I've auditioned for two things since being in Japan. A quasi-audition for The Tokyo Comedy Store, where I spoke to the director and was observed at a couple pay-to-play classes and I was in. That has worked out great and I've been performing with them for months now. And my second audition, which I just blogged about.
It had been about a week since I had auditioned for the children's show. I hadn't heard from the agent who "discovered" me at the comedy show and asked me to audition. So I just assumed that no news was the answer: I didn't get the part. Moving right a long. No hard feelings, just another audition.
Just when I had put the whole Sea, Sea, Sea audition behind me, I got an email that said:
I hate to tell you this but unfortunately they decided not to have you in
the cast this time.
They liked you but the reason why was that they think you would be too good
and you would be stand out more than the lead girl.
Now, that's sweet. But I don't for one second actually think that the reason I wasn't cast was that I was "too good." Call me cynical, but it's true. The agent for this audition was amazingly fantastic, kind and as made evident by her email, truly concerned with the feelings of her clients.
How completely unAmerican.
I have survived auditions in the states where an auditor ate a meatball sub while I was doing a dramatic peace, been interrupted while a director took a phone call, and been told "thanks," (the six letter mark of death for any audition) mid-monologue. Only for one of the biggest, most costly auditions of my life did I get an actual reason for not being cast (which is still rare). The reason? "You were great, but we didn't need you." Harsh, desho? Of course, but that is what I signed up for.
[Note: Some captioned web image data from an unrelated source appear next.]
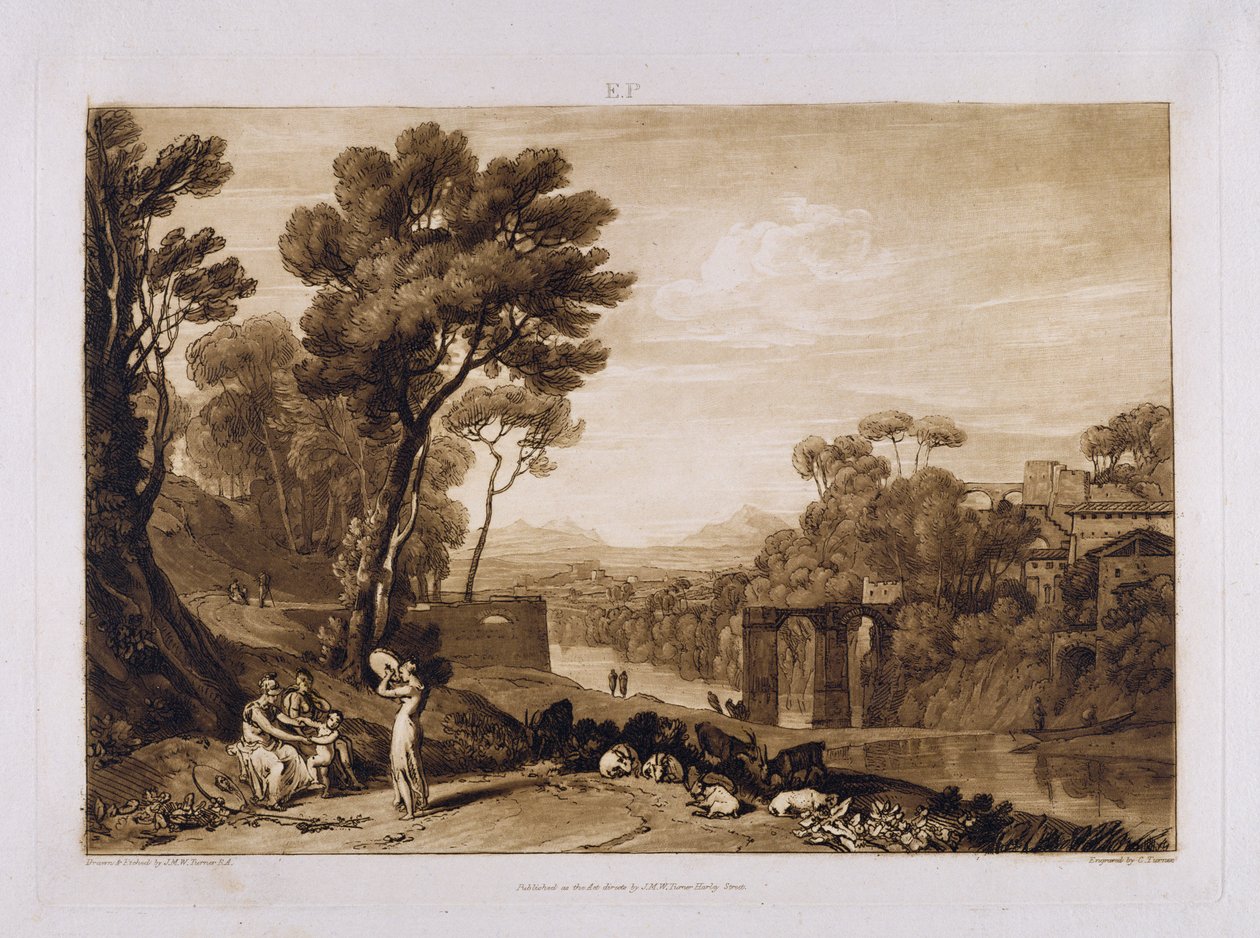 A mulher e pandeiro, gravada por Charles Turner (1773-1857) 1853-74 de Joseph Mallord William Turner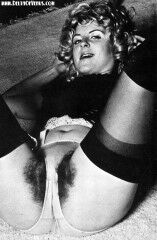 Vintage retro hairy woman photo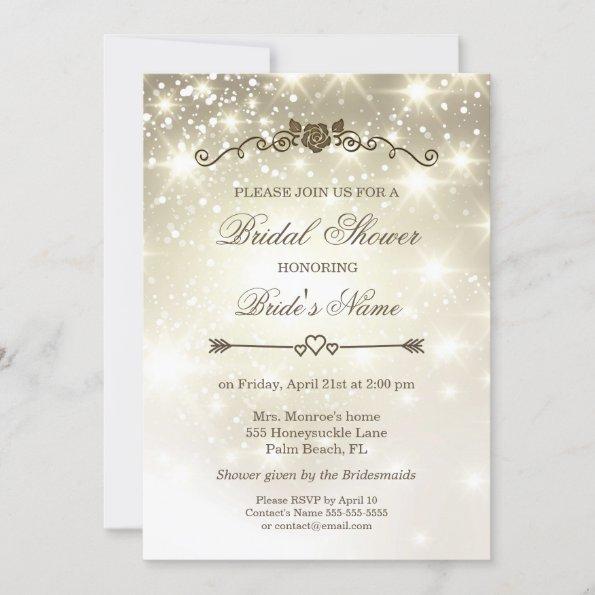 Gold Glitter Sparkles - Bridal Shower Invitations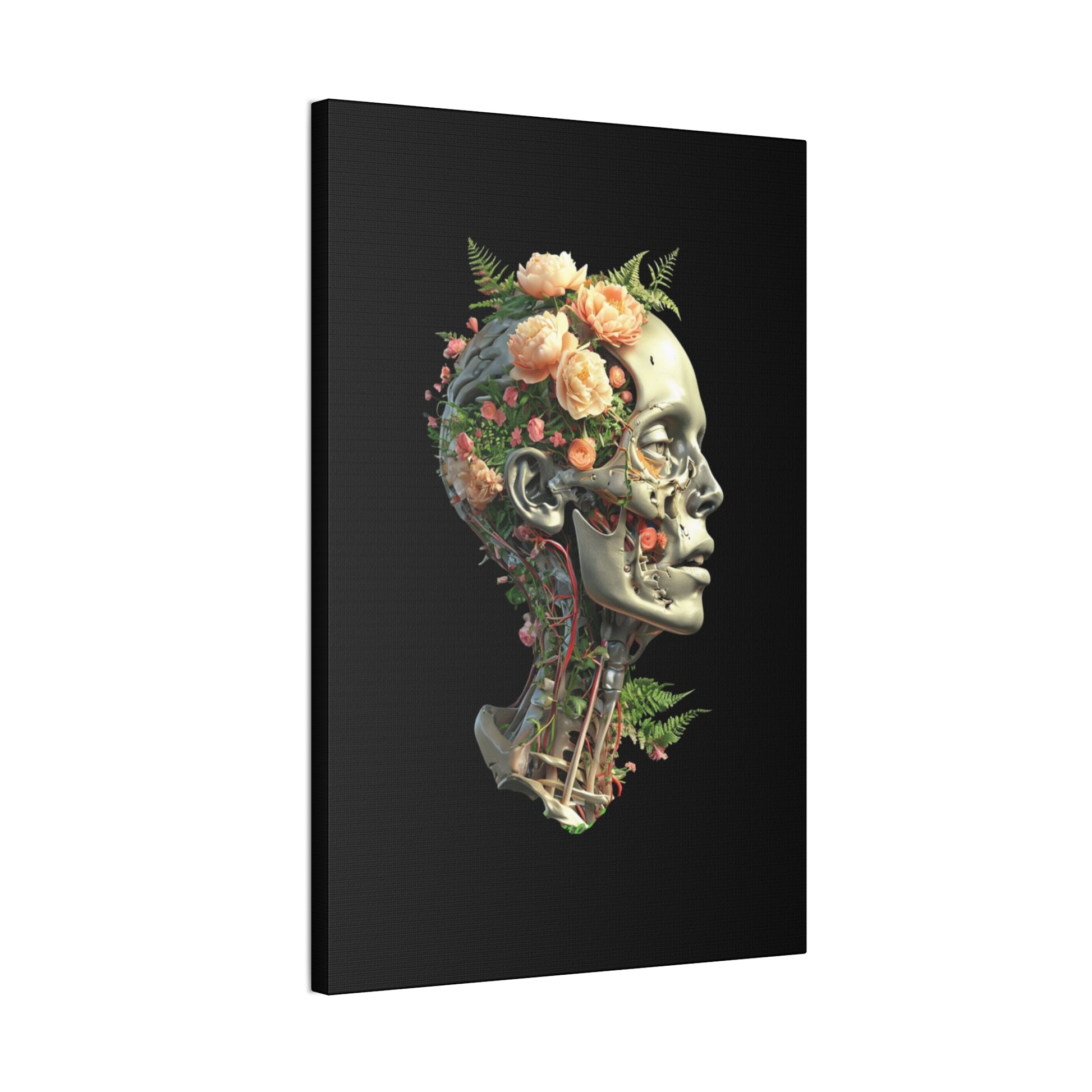 Floral Anatomical Canvas Art, Botanical Skull Print, Home Decor, Gift for Medical Students, Unique Wall Art, Modern Art Decor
Niceties in the vein of this email in the States would cause a person to guffaw in the face of their auditors. Seeing as it was an email, I guffawed to myself.
My cynical side wants to believe that my inability to sing A Sailor Went to Sea, Sea, Sea and the subsequent train wreck of an audition were the real reasons for my not being cast. But seeing as I am in the land of the painfully polite, I am going to indulge in the idea that my talent is so amazing that to have it on stage with lesser beings would have ruined the production.
Who would have thought that auditioning could ever give me an ego boost?
2 comments:
It's a good thing you put that link in your blog to your audition musings. Otherwise I might not have found it...directly underneath the current posting.
I am still waiting for the shaky under-the-piano videotape of your Rawksome Sailor-went-to-Sea musical extravaganza.